**WHAT NEEDS TO BE DONE**. Give back exactly the lines of the data below, starting with the line that has "5251 E Mission Hill Drive Unit: 16/17" and going on through the line that has "Konaklı Belediyesi'nden &Ouml;ğrencilere".

**Source data**.
***

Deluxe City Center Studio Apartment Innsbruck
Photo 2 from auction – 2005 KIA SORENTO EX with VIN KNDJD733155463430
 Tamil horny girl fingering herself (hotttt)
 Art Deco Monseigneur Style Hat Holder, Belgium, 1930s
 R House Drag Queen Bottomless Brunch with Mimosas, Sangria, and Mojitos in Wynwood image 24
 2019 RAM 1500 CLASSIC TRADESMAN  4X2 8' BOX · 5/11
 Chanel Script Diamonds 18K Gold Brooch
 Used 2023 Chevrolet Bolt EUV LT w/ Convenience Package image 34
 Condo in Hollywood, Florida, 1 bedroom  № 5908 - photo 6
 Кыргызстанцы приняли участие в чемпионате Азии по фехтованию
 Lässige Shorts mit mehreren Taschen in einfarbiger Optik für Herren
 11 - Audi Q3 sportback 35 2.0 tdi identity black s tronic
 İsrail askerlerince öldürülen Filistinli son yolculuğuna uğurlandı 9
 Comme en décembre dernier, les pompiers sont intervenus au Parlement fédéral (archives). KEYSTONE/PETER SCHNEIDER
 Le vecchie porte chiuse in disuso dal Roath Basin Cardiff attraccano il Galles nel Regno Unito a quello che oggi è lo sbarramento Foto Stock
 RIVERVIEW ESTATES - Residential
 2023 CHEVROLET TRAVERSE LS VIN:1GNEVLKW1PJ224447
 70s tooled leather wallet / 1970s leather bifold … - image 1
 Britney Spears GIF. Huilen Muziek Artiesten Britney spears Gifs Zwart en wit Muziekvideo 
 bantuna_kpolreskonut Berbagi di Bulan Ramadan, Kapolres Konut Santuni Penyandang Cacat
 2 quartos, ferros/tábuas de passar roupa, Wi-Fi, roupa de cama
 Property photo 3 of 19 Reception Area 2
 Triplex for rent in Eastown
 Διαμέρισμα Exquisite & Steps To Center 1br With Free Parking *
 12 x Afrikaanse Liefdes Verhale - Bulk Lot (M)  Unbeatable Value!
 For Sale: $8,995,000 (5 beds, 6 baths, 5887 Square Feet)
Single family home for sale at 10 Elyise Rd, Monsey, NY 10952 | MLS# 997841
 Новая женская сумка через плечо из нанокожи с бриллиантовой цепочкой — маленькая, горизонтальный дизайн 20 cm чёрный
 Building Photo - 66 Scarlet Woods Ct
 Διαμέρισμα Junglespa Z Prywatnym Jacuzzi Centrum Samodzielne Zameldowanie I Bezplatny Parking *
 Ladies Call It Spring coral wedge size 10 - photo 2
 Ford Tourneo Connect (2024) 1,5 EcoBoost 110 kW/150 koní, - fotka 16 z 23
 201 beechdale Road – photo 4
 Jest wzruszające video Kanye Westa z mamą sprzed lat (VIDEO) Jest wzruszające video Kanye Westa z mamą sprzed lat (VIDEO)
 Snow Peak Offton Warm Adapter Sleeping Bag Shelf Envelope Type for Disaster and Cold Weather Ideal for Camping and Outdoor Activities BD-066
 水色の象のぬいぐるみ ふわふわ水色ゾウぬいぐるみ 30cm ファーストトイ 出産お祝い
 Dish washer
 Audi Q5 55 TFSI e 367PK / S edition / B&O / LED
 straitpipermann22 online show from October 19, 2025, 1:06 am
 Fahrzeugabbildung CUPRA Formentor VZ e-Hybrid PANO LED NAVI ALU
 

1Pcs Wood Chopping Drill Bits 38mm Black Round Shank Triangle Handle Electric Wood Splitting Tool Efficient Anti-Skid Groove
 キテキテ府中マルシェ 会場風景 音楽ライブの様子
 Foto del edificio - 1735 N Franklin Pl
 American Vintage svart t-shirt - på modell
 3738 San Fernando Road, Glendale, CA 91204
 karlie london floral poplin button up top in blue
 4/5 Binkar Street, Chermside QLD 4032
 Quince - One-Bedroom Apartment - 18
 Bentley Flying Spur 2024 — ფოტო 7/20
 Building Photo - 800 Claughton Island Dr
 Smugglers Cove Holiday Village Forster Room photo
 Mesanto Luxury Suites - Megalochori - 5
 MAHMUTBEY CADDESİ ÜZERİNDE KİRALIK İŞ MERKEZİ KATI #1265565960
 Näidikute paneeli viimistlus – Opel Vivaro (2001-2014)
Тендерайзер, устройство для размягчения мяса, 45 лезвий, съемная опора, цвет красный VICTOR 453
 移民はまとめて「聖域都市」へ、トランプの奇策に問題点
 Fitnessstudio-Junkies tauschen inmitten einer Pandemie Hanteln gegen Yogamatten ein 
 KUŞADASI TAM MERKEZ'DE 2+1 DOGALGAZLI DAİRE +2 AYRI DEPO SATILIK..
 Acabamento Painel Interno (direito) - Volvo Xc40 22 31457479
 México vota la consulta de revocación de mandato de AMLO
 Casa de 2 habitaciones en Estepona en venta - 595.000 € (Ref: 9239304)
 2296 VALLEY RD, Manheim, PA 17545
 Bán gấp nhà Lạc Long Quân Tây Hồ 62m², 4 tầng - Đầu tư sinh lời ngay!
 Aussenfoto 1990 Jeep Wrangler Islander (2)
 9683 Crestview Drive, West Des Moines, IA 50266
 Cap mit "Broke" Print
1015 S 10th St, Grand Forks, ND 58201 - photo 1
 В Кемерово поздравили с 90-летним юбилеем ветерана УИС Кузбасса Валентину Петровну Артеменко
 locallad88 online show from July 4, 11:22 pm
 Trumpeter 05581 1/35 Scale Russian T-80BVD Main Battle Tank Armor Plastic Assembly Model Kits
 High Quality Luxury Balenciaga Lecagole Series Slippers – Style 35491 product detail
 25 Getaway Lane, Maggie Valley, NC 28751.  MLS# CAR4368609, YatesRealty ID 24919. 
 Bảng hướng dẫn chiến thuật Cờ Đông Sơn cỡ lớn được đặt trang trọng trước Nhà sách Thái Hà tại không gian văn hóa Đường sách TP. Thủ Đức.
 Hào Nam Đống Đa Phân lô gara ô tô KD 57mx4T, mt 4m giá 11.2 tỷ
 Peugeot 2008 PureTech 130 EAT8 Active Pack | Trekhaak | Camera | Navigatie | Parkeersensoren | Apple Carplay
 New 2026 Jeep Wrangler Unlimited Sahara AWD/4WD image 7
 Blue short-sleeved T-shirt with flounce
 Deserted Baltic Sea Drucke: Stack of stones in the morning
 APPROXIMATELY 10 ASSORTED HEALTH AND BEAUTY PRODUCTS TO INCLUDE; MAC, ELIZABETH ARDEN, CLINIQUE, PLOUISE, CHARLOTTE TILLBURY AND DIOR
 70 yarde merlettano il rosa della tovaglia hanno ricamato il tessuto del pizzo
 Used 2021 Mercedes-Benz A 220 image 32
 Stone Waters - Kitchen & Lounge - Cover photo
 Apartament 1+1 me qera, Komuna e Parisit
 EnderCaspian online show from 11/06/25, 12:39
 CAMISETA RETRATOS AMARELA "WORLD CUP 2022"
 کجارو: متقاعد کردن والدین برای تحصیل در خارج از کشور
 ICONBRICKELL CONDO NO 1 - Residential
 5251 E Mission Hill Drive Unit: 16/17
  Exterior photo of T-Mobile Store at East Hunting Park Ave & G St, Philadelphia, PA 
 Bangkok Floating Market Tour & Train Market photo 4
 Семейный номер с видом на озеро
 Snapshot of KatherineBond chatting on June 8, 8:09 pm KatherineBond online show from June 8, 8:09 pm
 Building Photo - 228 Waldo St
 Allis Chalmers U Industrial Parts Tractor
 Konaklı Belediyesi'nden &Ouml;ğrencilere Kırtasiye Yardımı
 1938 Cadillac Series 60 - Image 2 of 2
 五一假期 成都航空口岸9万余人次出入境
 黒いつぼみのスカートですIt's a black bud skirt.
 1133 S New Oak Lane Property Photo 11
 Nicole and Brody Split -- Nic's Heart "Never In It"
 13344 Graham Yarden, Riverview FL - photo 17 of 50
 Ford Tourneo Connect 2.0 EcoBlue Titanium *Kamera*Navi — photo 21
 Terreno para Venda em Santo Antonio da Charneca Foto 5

***

**RESULT OF THIS TASK**.
 5251 E Mission Hill Drive Unit: 16/17
  Exterior photo of T-Mobile Store at East Hunting Park Ave & G St, Philadelphia, PA 
 Bangkok Floating Market Tour & Train Market photo 4
 Семейный номер с видом на озеро
 Snapshot of KatherineBond chatting on June 8, 8:09 pm KatherineBond online show from June 8, 8:09 pm
 Building Photo - 228 Waldo St
 Allis Chalmers U Industrial Parts Tractor
 Konaklı Belediyesi'nden &Ouml;ğrencilere Kırtasiye Yardımı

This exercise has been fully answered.